## Task goal
Retype each of the records below exactly, leaving the pictures out.

## Available records
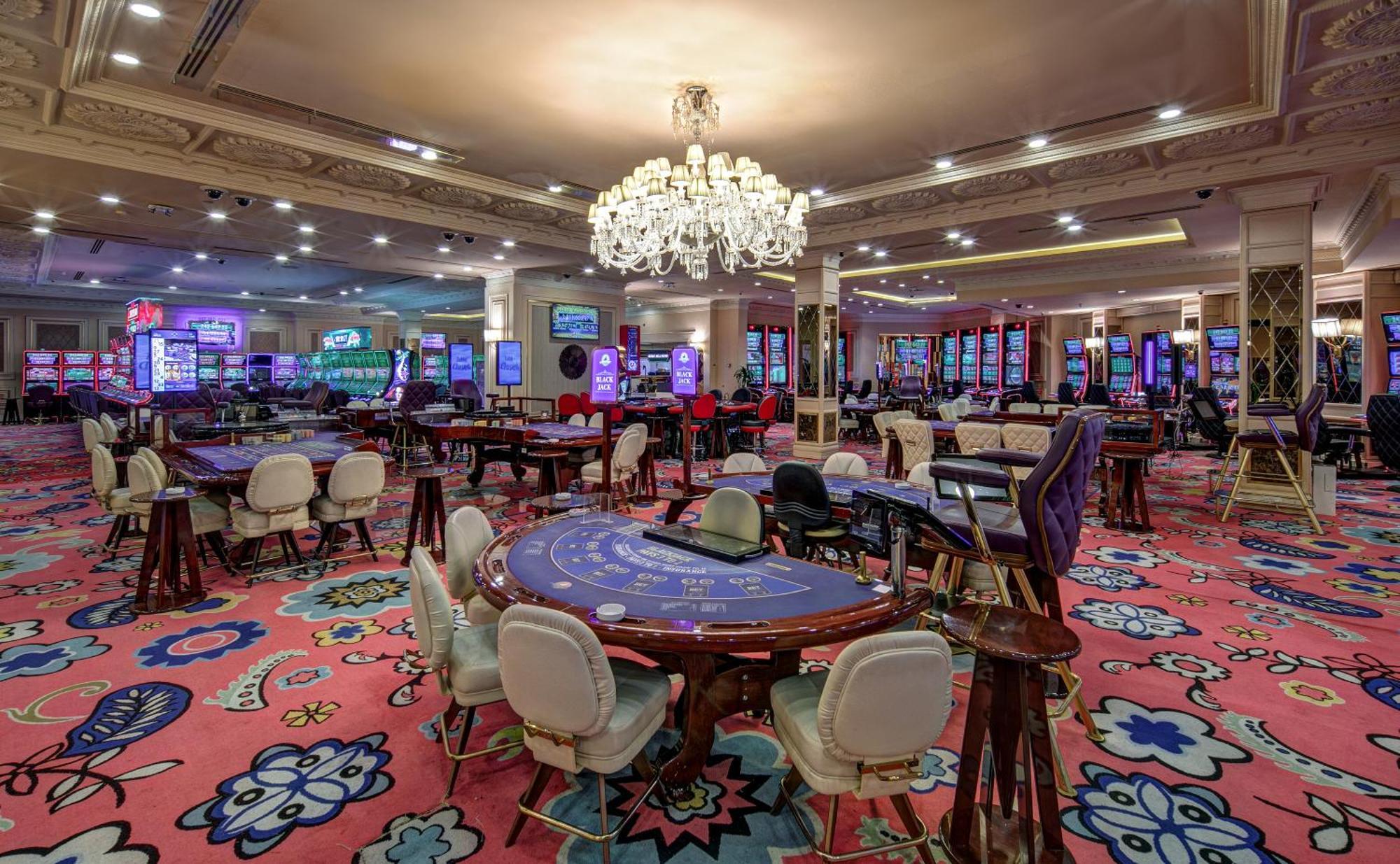 Liman & Casino By Merit Hotel Kyrenia (Northern Cyprus)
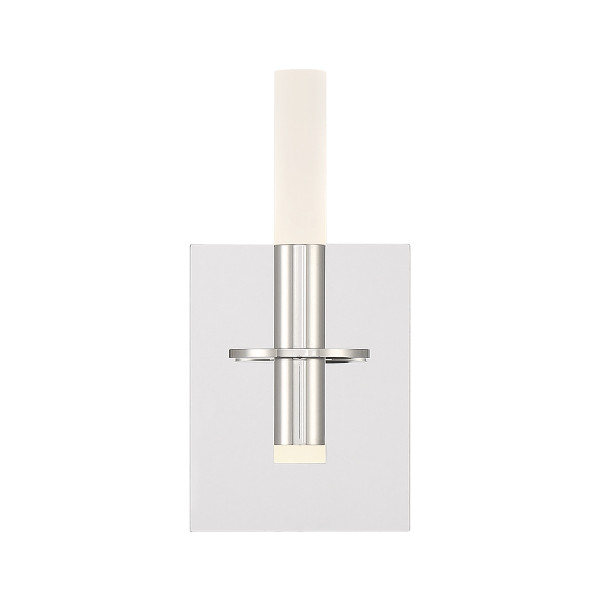 Eurofase - 45233-029 - TORNA-VAN-1LT-PN-WH - TORNA - Polished Nickel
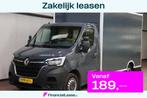 Renault Master AUTOMAAT LOWLINER VERKOOPWAGEN, Stof, Gebruikt, Euro 6, 4 cilinders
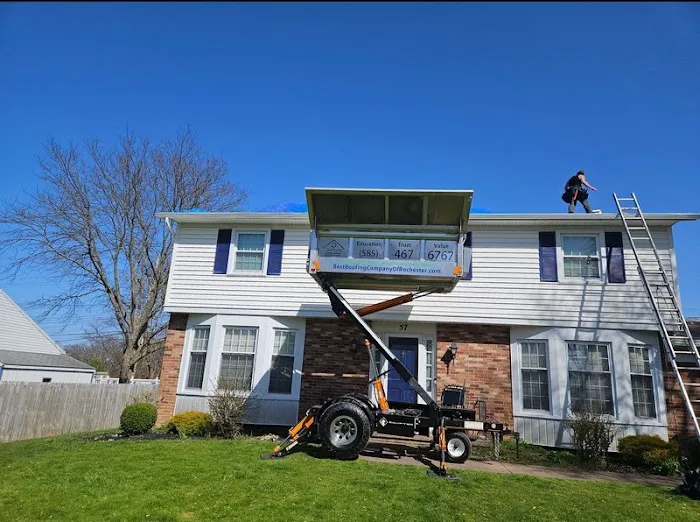 Giordano Roof Replacement & Roof Restoration Picture 2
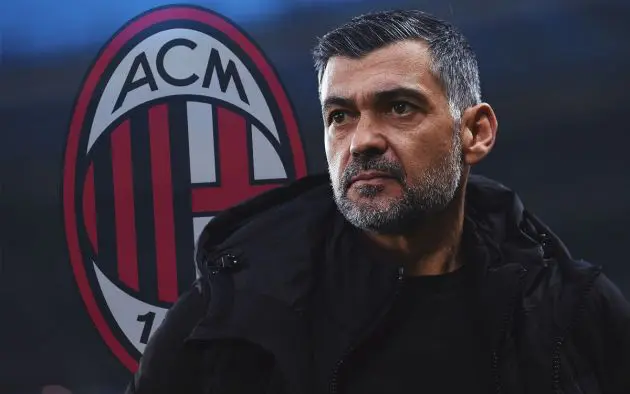 Conceicao Milan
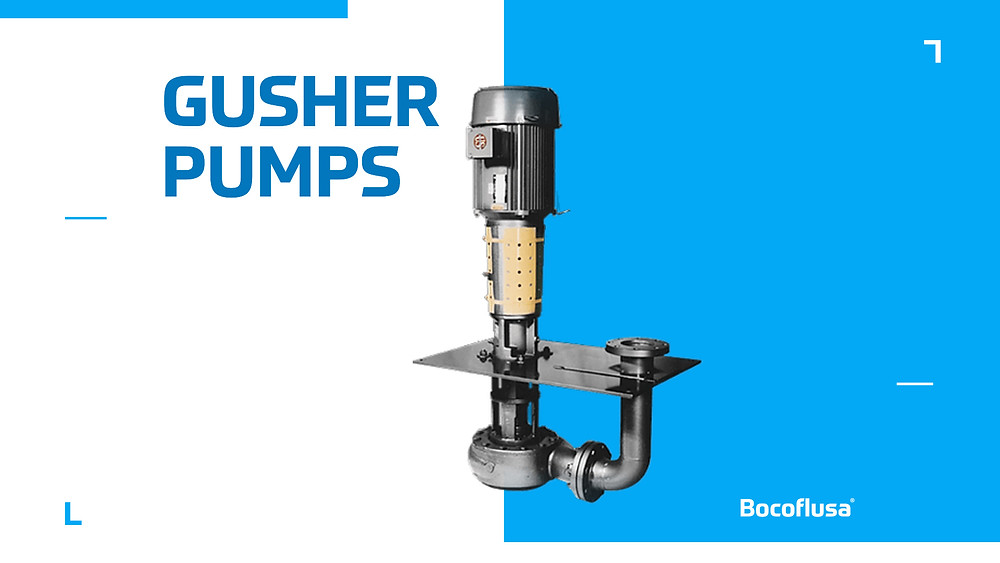 Gusher Pumps, Bocoflusa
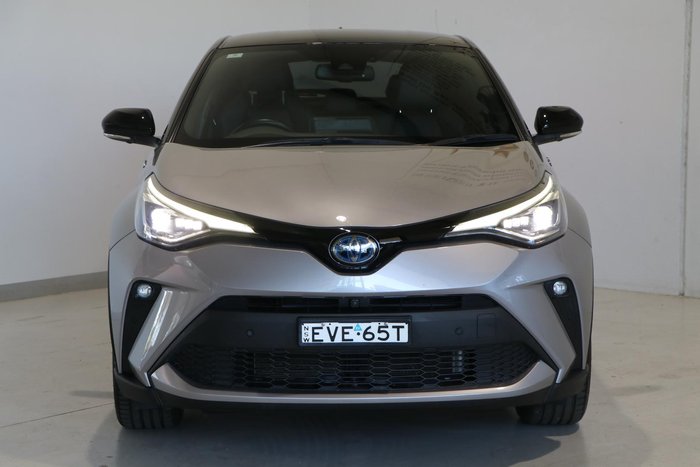 2022 Toyota C-HR Koba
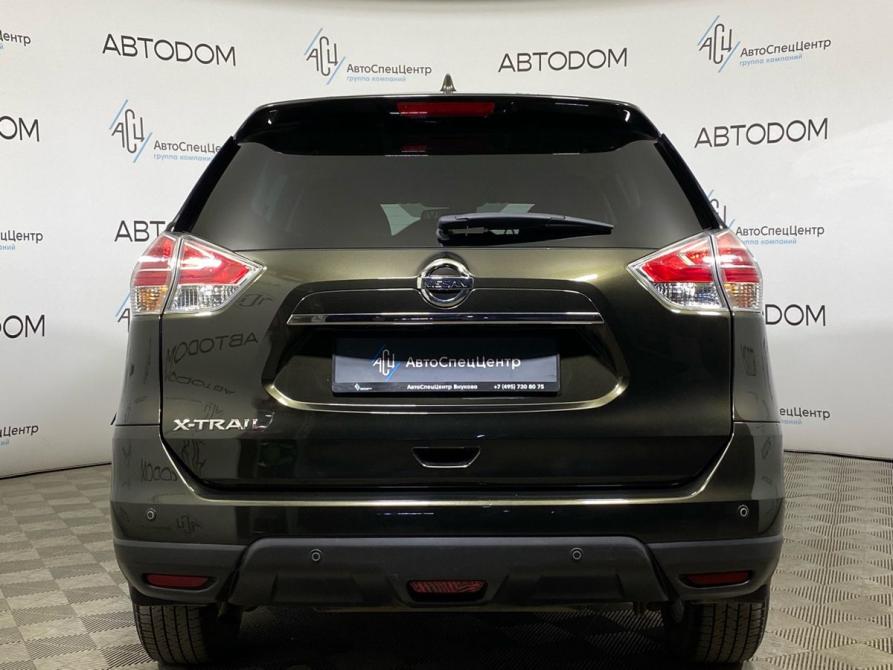 Nissan X-Trail III Москва  - изображение 6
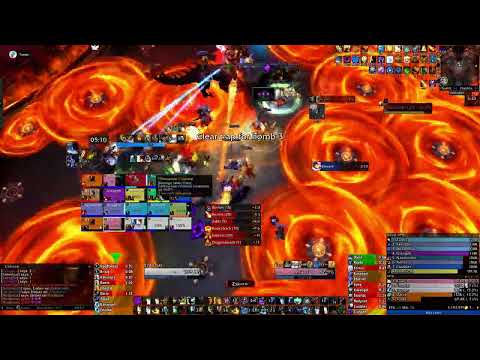 POST-NERF Zskarn Mythic (holy priest pov)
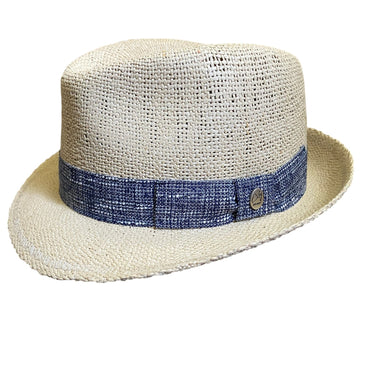 Citysport Trilby Paper Daan natural - City Sport - hutwelt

## Written reply
 Liman & Casino By Merit Hotel Kyrenia (Northern Cyprus)
 Eurofase - 45233-029 - TORNA-VAN-1LT-PN-WH - TORNA - Polished Nickel
 Renault Master AUTOMAAT LOWLINER VERKOOPWAGEN, Stof, Gebruikt, Euro 6, 4 cilinders
 Giordano Roof Replacement & Roof Restoration Picture 2
 Conceicao Milan
 Gusher Pumps, Bocoflusa
 2022 Toyota C-HR Koba
 Nissan X-Trail III Москва  - изображение 6
 POST-NERF Zskarn Mythic (holy priest pov)
 Citysport Trilby Paper Daan natural - City Sport - hutwelt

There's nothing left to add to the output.